With its Senate companion bill (SB 5066) passing the Transportation Committee unanimously earlier this month, things are looking good for the humble 20 mph neighborhood street bill.
The bill has strong bipartisan support. Not only that, but three Republicans who voted against the bill in the House Transportation Committee—Norm Johnson, Linda Kochmar and Dan Kristiansen—changed their votes to yes during the full House vote.
But, of course, this is not the time to look away. Anything could happen. The bill was very popular in both chambers last year, as well. But it languished on the Senate floor as the legislative body devolved into a standstill over unrelated issues.
The broad appeal of the bill reaches well beyond the big cities to neighborhoods in cities and towns across the state. The bill would not directly change speed limits, but it would allow municipalities to choose to lower speeds on side streets (not major commercial streets and highways) without the need for costly and time-consuming traffic studies which would inevitably find no significant impact since the streets in question are not major thoroughfares.
Speeds on such streets are most often 25 mph today. Studies show that a person struck by a car going 30 miles per hour has a 40 percent chance of dying. When the speed drops to 20 mph, the chance of dying drops to 5 percent. So while a few mph might seem like a small safety gain, it can actually be the difference between life and death.
If you are curious about which streets the law would apply to, go to Google Maps. In general, streets that are yellow do not apply (I’m sure there are some exceptions to this, but it’s a good ballpark idea).
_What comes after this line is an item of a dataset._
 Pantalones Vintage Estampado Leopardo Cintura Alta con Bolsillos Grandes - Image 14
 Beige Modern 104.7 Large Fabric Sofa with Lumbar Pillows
UPDATE: Here’s how BikeWA’s Blake Trask describes the bill:
“The Neighborhood Safe Streets Bill applies to non-arterial roadways as they are classified in the Manual on Uniform Traffic Control Devices (MUTCD) and by local jurisdictions. We all know these types of streets because they crisscross the neighborhoods where we live and play. This legislation does not affect state highways or interstates. In fact, state law clearly notes that highways are arterials. Arterials in Seattle are clearly classified by the city and range from Fauntleroy Way SW, Beacon Ave S, and 40th Ave NE. Typically, the de facto non-arterial speed is 25 miles per hour, so if a city or town chose to use this law it would result in a reduction in speed maximums from 25 to 20 miles per hour. While this seems like a small reduction in speed, the difference is huge if you get hit by a car or truck.”